[Start of Attachment]

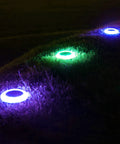 Colorized Solar Ground Lights With 20 Lumens Dope Outdoor RGB LEDs for Pool Area, Pathway, Patio showing purple and green glow at night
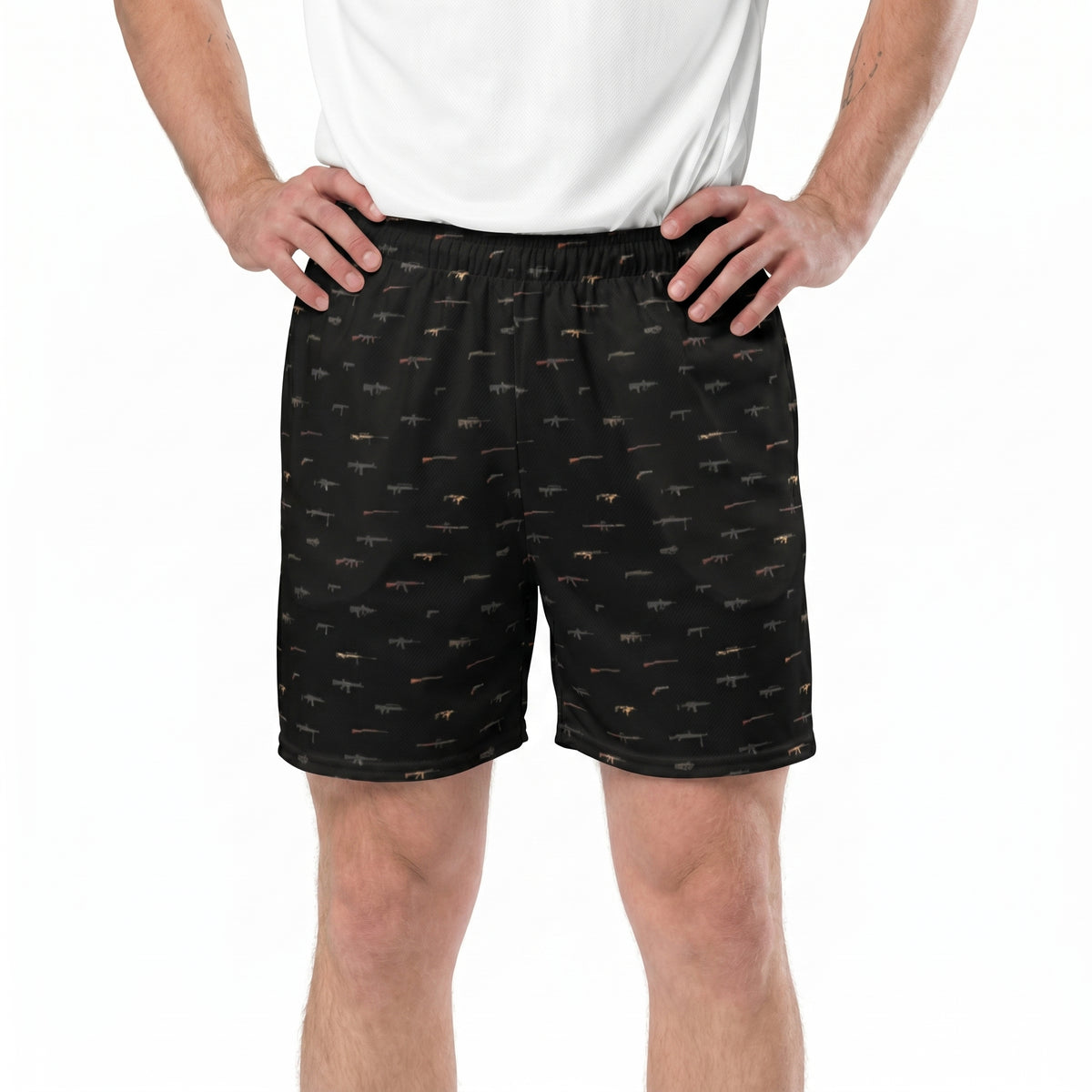 Person wearing black shorts with a pattern on a white background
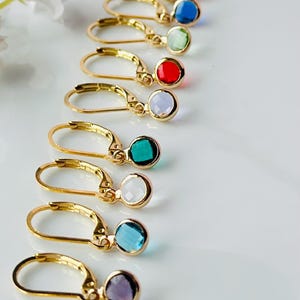 Puede incluir: Una colección de pendientes dorados con cierre de palanca, cada uno con una piedra preciosa de diferente color. Las piedras preciosas incluyen tonos de azul, verde, rojo, morado y blanco. Los pendientes están dispuestos en fila.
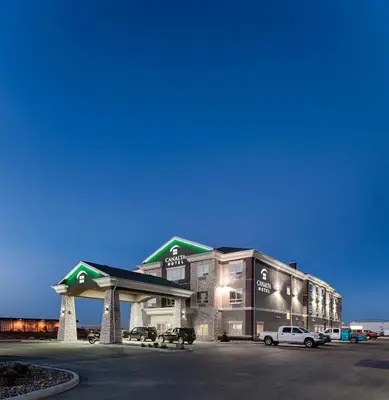 a gas station with a car parked in front of it at Canalta Lac La Biche in Lac La Biche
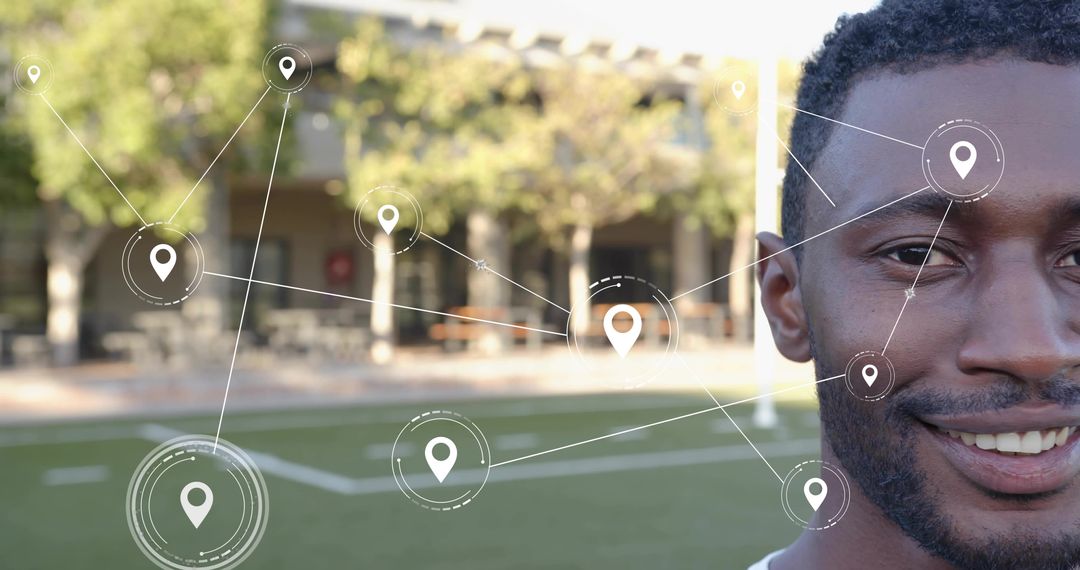 Smiling young man on campus turf with geolocation network overlay and connectivity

[End of Attachment]

**Exercise aim**
Begin the copy at the line containing "a gas station" and end it at the final line of the material above, reproducing each line exactly and omitting pictures.

**Written solution**
 a gas station with a car parked in front of it at Canalta Lac La Biche in Lac La Biche
 Smiling young man on campus turf with geolocation network overlay and connectivity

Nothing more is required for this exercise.